Светящаяся линия поднялась отвесно вверх, подергалась несколько мгновений и вдруг развернулась на самом острие алым букетом. Первая нота симфонии Кумбари прозвучала. Тут же во все стороны взвились ракеты, осыпавшие небо крупными звездами и огненными змейками. А затем ракеты одна за другой понеслись к небу, затейливо и каждая по-своему рассыпаясь на отдельные огоньки, перекрещиваясь в небе и осыпая друг дружку огненным дождем.

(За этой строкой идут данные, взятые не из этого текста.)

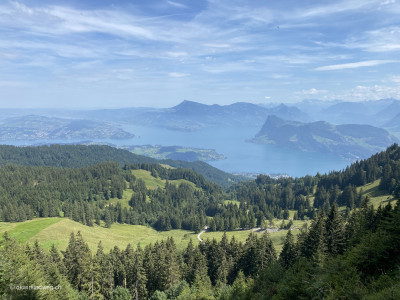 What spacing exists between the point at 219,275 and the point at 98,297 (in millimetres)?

Потом вдруг пришли в согласованное движение и исторгли целые потоки пламени картонные колеса и феерические мельничные крылья. Вспыхнули и неистово завертелись то в ту, то в другую сторону огненные цветы, прорезались молниеносными зигзагами мечущиеся искры. Трескотня, отдельные выстрелы, залпы ракет оставляли прекрасное шумовое оформление пылающей фантасмагории. Темная поверхность пруда сверкала тысячью разноцветных огненных отблесков.
Любуясь игрой отсветов ракет по воде, Зыбин вздрогнул от неожиданной иллюзии. На мгновение почудилось, будто озеро исчезло, уничтожилось, кинулось в глаза бездонным небом. Однако через миг перед ним опять плескался пруд, ставший сам собой.
Между тем на небе появился главный сюрприз огненного представления. Хлопнул пушечный выстрел, и под куполом неба в одно мгновение вырос тысячеогненный, искрящийся миллионом разноцветных звездочек гигантский, роскошный фейерверочный бурак. Да какой бурак! Сам корнеплод налился багровым и розовым, а раскинувшаяся по небу ботва цвела над ним яркой зеленью, так что на небосводе вспыхнуло настоящее произведение искусства, достойное украсить лучшую из поваренных книг!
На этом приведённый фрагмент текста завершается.